Apesar do sentimento sincero entre eles, Banel e Adama somente puderam se casar em razão da mesma tradição que tentam afrontar. Banel foi casada com o irmão de Adama, e com a morte precoce deste, o verdadeiro amado pode se unir à jovem viúva, ocasião em que assumiram o amor que já nutriam secretamente. Enquanto Banel é uma mulher determinada, que não se encaixa e se sente sugada pela comunidade, Adama, que antes parecia alinhado e compartilhando dos sonhos da esposa, vai se mostrando manipulável e oscilante entre a rebeldia e a obediência.

O peso do julgamento pela tomada de decisões que vão contra a tradição comunitária recai sobre ambos, mas vai reverberar especialmente na mulher. Quando Adama se recusa a assumir a liderança e as obrigações dela decorrentes para viver o amor, a seca, o calor e a morte  do gado passam a ser compreendidas, sob influência das vozes anciãs, como culpa sua e penalidade por sua indisciplina. Portanto, há a ideia de que enquanto esse lugar de líder natural não for assumido, o caos do clima não cessará. Adama, portanto, sai do sonho para aderir a um certo privilégio e proteção. 
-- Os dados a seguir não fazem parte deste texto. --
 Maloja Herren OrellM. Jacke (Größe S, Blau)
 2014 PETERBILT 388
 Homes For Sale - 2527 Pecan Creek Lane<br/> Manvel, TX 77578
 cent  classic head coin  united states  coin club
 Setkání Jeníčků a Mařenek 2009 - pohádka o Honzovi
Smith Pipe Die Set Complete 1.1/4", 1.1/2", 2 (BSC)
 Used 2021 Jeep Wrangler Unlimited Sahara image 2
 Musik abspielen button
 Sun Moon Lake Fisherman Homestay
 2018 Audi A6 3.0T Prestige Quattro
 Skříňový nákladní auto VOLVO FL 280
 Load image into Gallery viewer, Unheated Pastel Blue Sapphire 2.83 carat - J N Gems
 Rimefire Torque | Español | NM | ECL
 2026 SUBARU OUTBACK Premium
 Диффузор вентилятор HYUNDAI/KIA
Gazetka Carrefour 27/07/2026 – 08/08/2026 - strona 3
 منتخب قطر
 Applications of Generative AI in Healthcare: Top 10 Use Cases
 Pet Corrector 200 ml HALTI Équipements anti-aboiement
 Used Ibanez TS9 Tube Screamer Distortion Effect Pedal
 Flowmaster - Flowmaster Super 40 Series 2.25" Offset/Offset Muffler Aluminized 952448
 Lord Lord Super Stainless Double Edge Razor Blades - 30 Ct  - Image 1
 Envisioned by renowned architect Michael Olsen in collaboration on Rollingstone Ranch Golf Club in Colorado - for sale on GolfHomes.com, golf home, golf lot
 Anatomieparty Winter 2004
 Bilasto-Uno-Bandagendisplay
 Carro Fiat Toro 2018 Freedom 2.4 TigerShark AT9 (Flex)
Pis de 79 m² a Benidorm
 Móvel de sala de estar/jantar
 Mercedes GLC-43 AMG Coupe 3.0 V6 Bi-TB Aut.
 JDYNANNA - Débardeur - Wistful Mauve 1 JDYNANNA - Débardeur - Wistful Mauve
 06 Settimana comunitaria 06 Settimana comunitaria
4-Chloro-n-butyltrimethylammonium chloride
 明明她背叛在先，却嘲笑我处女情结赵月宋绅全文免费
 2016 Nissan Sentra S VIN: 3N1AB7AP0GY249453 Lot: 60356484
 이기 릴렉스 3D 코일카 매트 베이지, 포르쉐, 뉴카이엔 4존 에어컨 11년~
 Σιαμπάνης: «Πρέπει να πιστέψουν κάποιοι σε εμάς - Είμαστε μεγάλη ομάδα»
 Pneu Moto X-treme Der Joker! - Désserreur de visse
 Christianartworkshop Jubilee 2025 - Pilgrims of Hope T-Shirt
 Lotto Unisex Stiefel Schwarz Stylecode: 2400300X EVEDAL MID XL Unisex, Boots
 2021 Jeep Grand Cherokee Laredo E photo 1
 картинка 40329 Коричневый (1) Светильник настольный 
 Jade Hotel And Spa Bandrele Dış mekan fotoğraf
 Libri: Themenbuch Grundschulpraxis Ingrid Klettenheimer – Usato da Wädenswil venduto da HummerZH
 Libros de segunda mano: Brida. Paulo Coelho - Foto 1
O caminho de Banel é inverso. Como mulher que vive feliz ao lado do esposo e com ele persegue seus sonhos, ela já ocupa, naquele contexto, um lugar de privilégio, que lhe é retirado pela comunidade. Passa a ser, assim, coadjuvante de sua própria história, que precisa realizar aquilo que se espera dela e receber ordens sem questionar. Por sua autenticidade e recusa em simplesmente obedecer, ela é vigiada, julgada, observada a todo momento. Ela não quer ter filhos ou ser babá, ela não quer lavar roupa com outras mulheres, ela não quer ficar o dia todo aguardando pelo marido, mas sim, estar com ele. Essa oposição de Banel é operada pela diretora pelo isolamento da jovem, colocando a personagem nas sombras ou caminhando em sentido oposto dos demais. Para além dos sussurros que a perseguem quando há caos, os olhares devoradores das pessoas a fuzilam, potencializando ainda mais a estranheza e o incômodo de tudo.

Após os sinais de mau presságio que a diretora nos vai dando rumo à catástrofe, quando o calor e a seca encontram seu auge e mata-se o gado antes que ele morra de sede para que alguma carne seja aproveitada, o delírio e o suor de uma Banel inconformada pelo rompimento do sonho e do amor, que imagina chuva enquanto nada há a se fazer além de deitar e esperar, vão atingir seu ápice quando nem a tempestade de areia pode mais impedi-la, afinal, permanecer já é sufocante o suficiente. Experienciar Banel & Adama em meio aos tempos estranhos que estamos vivendo, quando no auge do inverno sofremos ondas de calor notoriamente anormais e a fumaça da queimada de florestas que impede que vejamos o céu azul, gera sensações bastante profundas. O pessimismo da diretora encontra beleza na poesia e no impacto de suas imagens, e a falta de esperança daquele amor dá lugar, nesses tempos,  à falta de esperança na  humanidade.